**WHAT IS BEING ASKED:**
Output, exactly as written, the lines below from the one that has "Dětské elektrické autíčko" through the one that has "1997 Dodge Dakota"; nothing else, and no pictures.

**DATA FOR REVIEW:**
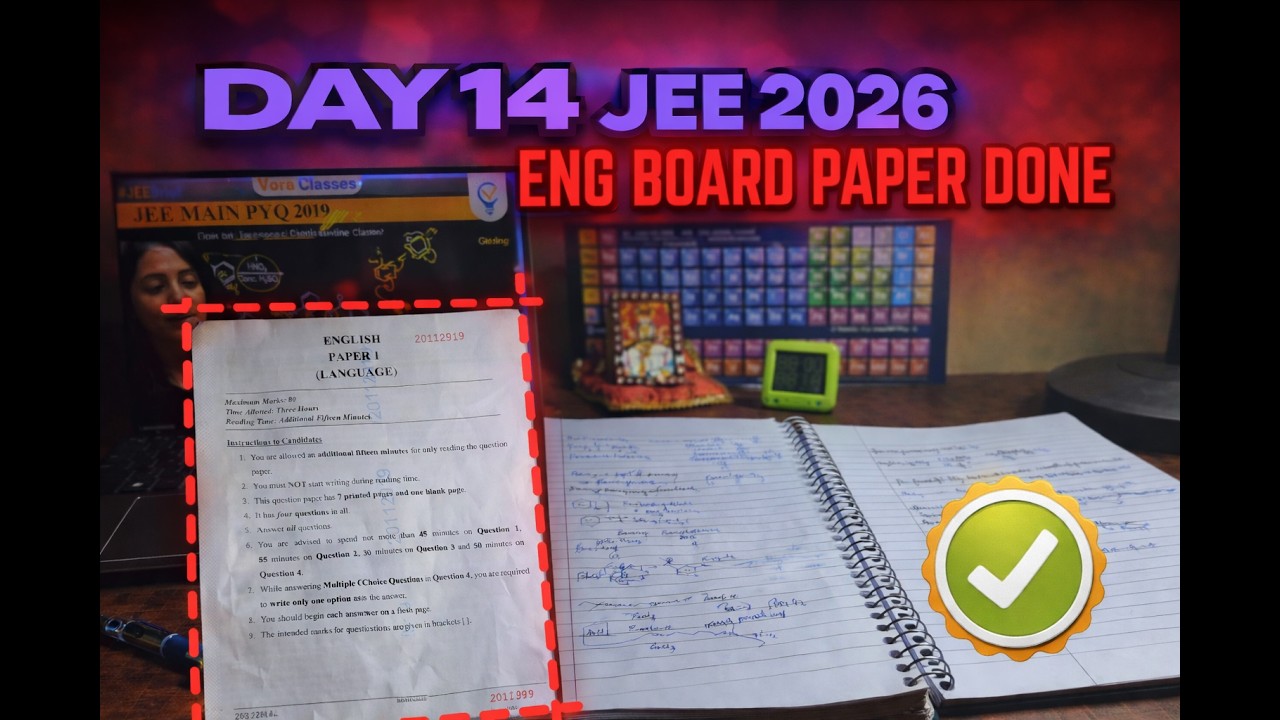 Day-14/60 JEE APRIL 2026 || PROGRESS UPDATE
==
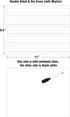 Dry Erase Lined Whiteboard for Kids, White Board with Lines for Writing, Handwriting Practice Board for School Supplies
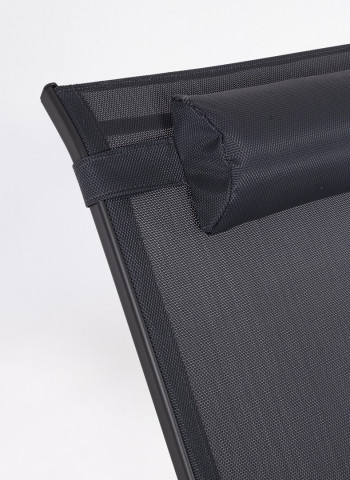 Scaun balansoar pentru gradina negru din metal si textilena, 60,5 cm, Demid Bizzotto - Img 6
==
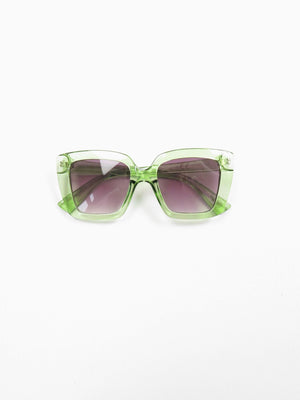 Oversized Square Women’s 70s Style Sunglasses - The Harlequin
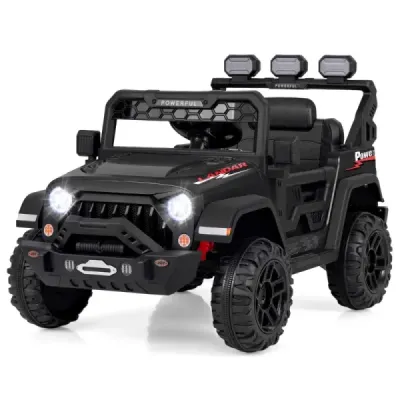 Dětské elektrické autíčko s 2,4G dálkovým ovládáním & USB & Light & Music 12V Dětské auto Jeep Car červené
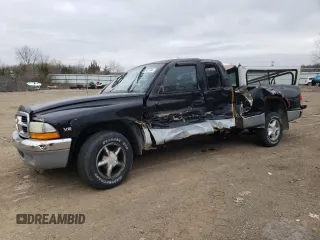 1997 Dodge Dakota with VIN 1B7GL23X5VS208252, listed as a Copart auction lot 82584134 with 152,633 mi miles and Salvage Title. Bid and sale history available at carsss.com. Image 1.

**TASK OUTPUT:**
 Dětské elektrické autíčko s 2,4G dálkovým ovládáním & USB & Light & Music 12V Dětské auto Jeep Car červené
 1997 Dodge Dakota with VIN 1B7GL23X5VS208252, listed as a Copart auction lot 82584134 with 152,633 mi miles and Salvage Title. Bid and sale history available at carsss.com. Image 1.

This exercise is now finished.